Pro Comparison: Tony Pollard without the receiving ability
43. John Metchie III, Alabama WR
Coming into the season, I saw Metchie has a top-twenty player. After a mediocre season and tearing his ACL in December, he’s likely to fall into the second or even third round where a team will get great value. He’s probably not going to develop into a star, but he can work from either the slot or out wide and use his quickness to get open.
Pro Comparison: Emmanuel Sanders
44. Coby Bryant, Cincinnati CB
Sauce Gardner got the hype, but Bryant has the chance to be a high-level starter. Bryant has the length and speed that’s desired for the position. What set him apart to me is that he’s battle-tested and a ballhawk. Since teams didn’t throw at Gardner, Bryant was consistently thrown at and responded with ten career interceptions.
Pro Comparison: James Bradberry
45. David Bell, Purdue WR
Despite playing for a relatively average program in Purdue (sorry Boilermaker fans), Bell had some moments where he looked as good as any receiver in college football. Overall there really is no one part of his game that stands out, but he is just so consistent across the board. Because of this, he is likely destined to be a third option on a good offense, but you know what he brings to the table.
Pro Comparison: Marvin Jones
46. Breece Hall, Iowa State RB
Hall is the best running back in Iowa State history and was a touchdown machine in his three seasons in Ames. He has great vision and never misses an open lane. Hall isn’t the fastest nor is he explosive enough to make defenders miss, but he is reliable. I do worry about him being the featured back for a team as his ceiling is relatively low. Should he continue to develop as a receiver though, he could have a long career in the league.
Pro Comparison: Sony Michel
47. Sam Howell, North Carolina QB
If there’s one quarterback who can make me look very dumb with these rankings, it’s Howell. He had a down year in 2021, but was also dealing with a new supporting cast. I like his mobility and arm strength and he has three years of experience which helps. I’d like to see more development in the accuracy category as his mobility isn’t enough to take over games. In an RPO-heavy scheme, I think Howell can thrive and become an above-average starter.
Pro Comparison: Jalen Hurts
48. Martin Emerson, Mississippi State CB
Emerson fits the mold of the prototypical Cover 3 cornerback. He’s long, physical, and should only be playing zone. There were too many times that Emerson was too grabby in coverage and that will be costly should he continue to play that way. On the other hand, he is strong in press and can knock a receiver off his route. He also does an exceptional job of reading the quarterback’s eyes in coverage to make a play.

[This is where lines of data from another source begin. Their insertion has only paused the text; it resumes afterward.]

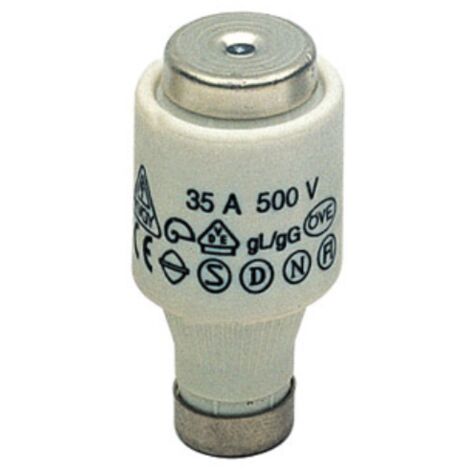 Fusibile D, DIII E33, intervento rapido, 28x50mm, 500V 50A, impiego F - Wimex 5300350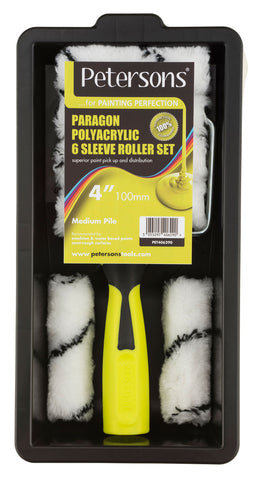 Paragon Polyacrylic 4 inch 6 Sleeve Roller Set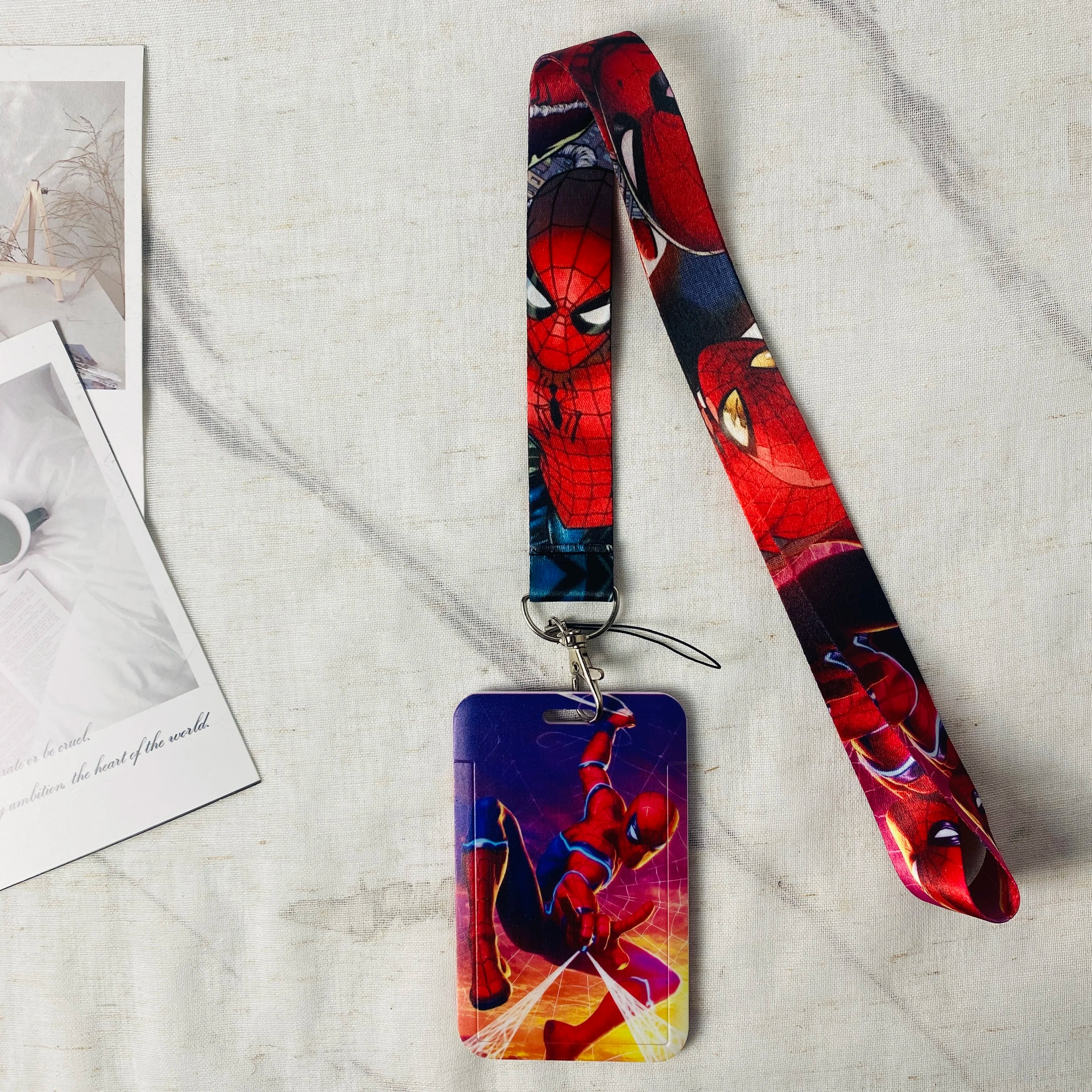 Anime Characters Card Holder Lanyard Keychain ID Credit Bus Card Cover Hang Rope Lariat Lanyard Key Rings Fans Gifts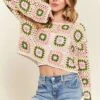 ADORA Multicolor Crochet Crop Top 1 ADORA Multicolor Crochet Crop Top -Little Loom Store 20fe32399f4444e183fb2bdcbc7518b9 Max Origin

Pro Comparison: Rasul Douglas
49. Arnold Ebiketie, Penn State EDGE
After three pedestrian seasons at Temple, Ebiketie broke out for 9.5 sacks for Penn State in 2021. At this point, he’s a one-trick pony as a pass rusher. If he’s going to beat you, it will be with speed and quickness off the edge. In that regard, he’s elite and could be a big contributor early in his career. He does need to get a little stronger and more disciplined as a run defender, but that might come as he continues to become a better football player.
Pro Comparison: Odafe Oweh
50. Marcus Jones, Houston CB
He’s not going to be for everyone, but Jones is a baller. Undersized and having dealt with numerous injuries in his career, Jones has red flags that normally I try to avoid. But seeing his tape will make you fall in love. He’s only a slot corner, but he’s a strong tackler and sticky in coverage. As a returner, he had nine combined touchdowns. Those are game-changing type plays he can make that every team should try to take advantage of.